- _What you will do_:
Only the stretch of the listing below that runs from the line with "Details eines Vintage-Lederarmbands" through the line with "An oval inlaid" is to be printed, exactly and with both ends.

Top of Given records

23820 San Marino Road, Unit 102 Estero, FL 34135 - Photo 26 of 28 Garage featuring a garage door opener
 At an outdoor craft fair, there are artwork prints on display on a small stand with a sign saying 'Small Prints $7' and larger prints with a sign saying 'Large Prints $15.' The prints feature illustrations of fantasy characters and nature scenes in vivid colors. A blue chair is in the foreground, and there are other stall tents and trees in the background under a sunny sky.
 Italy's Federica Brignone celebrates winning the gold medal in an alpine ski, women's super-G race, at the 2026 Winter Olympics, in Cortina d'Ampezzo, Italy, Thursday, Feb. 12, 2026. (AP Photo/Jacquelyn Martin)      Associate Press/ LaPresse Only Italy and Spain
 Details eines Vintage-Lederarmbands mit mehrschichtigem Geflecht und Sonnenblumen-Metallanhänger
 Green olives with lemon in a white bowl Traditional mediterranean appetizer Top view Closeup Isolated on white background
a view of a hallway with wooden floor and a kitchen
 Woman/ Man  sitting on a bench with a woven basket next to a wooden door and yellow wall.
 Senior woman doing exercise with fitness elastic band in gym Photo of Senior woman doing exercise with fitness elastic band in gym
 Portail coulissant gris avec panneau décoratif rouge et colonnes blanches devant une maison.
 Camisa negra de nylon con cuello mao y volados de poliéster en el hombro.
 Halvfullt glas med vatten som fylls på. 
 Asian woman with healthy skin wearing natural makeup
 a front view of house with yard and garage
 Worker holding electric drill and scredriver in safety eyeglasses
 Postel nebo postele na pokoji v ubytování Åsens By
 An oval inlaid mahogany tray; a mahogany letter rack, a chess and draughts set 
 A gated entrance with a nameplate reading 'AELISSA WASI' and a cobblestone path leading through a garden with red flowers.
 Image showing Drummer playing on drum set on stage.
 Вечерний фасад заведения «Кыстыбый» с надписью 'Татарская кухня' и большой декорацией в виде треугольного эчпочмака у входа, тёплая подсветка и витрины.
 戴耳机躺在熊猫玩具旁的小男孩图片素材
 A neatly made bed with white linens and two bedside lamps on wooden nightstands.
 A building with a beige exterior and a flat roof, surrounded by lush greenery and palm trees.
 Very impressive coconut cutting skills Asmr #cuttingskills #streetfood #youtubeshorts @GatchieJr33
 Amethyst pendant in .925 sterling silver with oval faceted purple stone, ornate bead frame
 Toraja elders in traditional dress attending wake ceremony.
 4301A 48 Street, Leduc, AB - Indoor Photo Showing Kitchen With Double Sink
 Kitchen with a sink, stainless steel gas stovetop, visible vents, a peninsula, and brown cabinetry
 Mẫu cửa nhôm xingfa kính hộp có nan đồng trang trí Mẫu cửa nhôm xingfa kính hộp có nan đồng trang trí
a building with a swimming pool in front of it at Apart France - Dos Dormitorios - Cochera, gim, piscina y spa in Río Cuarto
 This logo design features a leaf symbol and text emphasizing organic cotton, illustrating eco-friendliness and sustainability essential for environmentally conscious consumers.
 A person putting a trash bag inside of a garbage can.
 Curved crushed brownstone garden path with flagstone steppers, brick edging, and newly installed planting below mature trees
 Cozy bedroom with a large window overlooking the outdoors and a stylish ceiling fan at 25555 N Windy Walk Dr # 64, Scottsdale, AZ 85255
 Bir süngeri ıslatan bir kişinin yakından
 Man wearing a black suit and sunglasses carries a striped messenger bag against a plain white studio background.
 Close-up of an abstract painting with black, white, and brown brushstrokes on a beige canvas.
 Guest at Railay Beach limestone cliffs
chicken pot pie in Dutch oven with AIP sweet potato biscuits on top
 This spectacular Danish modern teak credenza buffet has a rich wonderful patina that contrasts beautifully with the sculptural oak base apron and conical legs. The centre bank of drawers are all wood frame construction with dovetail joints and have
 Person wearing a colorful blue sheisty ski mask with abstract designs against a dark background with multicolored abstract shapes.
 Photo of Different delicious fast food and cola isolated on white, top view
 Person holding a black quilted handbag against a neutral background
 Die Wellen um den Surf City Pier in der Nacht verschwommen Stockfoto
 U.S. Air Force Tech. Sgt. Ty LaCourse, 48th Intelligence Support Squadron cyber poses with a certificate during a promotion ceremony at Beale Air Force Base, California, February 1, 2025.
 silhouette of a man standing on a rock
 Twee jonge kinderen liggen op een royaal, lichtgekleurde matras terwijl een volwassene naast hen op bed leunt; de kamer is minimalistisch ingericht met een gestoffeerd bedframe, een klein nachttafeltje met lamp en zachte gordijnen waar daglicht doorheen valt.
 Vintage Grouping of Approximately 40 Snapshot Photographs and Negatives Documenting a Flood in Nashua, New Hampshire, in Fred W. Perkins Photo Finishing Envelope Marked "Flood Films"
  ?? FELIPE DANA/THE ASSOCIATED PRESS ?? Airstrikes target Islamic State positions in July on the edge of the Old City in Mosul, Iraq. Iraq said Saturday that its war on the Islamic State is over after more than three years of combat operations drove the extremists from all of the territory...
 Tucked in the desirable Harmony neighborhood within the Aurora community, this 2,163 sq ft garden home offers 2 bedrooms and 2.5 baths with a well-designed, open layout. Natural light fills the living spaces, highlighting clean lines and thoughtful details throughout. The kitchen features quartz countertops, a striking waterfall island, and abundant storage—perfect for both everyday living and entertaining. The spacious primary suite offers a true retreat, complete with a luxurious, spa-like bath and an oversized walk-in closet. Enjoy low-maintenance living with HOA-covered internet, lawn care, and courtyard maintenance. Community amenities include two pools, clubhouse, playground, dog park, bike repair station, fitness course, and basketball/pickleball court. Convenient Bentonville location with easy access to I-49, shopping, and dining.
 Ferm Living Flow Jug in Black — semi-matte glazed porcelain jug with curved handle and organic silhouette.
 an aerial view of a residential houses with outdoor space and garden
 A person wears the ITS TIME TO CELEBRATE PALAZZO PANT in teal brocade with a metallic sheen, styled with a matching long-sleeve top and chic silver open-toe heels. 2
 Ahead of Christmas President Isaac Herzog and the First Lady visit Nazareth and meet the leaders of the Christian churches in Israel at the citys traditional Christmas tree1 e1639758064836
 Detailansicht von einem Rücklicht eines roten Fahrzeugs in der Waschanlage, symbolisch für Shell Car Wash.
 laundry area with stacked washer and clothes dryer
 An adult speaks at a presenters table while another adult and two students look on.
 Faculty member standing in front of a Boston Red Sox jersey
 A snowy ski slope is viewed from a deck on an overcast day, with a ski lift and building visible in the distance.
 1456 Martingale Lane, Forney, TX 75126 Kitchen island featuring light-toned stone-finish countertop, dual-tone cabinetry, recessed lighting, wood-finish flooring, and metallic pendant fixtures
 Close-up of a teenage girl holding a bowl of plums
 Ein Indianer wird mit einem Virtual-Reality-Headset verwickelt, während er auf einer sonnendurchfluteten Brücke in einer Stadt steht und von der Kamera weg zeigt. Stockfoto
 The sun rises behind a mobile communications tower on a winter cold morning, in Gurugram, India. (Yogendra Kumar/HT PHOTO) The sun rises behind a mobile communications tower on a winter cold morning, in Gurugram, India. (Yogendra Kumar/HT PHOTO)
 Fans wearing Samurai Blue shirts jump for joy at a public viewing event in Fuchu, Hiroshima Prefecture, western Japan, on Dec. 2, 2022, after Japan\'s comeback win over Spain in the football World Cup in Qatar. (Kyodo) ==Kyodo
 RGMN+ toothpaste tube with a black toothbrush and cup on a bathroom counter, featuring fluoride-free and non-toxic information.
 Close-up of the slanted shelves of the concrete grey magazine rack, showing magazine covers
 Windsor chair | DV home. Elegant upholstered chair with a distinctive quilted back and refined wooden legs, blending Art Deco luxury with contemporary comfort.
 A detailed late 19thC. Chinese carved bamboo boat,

Bottom of Given records

- _Solution for this problem_:
 Details eines Vintage-Lederarmbands mit mehrschichtigem Geflecht und Sonnenblumen-Metallanhänger
 Green olives with lemon in a white bowl Traditional mediterranean appetizer Top view Closeup Isolated on white background
a view of a hallway with wooden floor and a kitchen
 Woman/ Man  sitting on a bench with a woven basket next to a wooden door and yellow wall.
 Senior woman doing exercise with fitness elastic band in gym Photo of Senior woman doing exercise with fitness elastic band in gym
 Portail coulissant gris avec panneau décoratif rouge et colonnes blanches devant une maison.
 Camisa negra de nylon con cuello mao y volados de poliéster en el hombro.
 Halvfullt glas med vatten som fylls på. 
 Asian woman with healthy skin wearing natural makeup
 a front view of house with yard and garage
 Worker holding electric drill and scredriver in safety eyeglasses
 Postel nebo postele na pokoji v ubytování Åsens By
 An oval inlaid mahogany tray; a mahogany letter rack, a chess and draughts set 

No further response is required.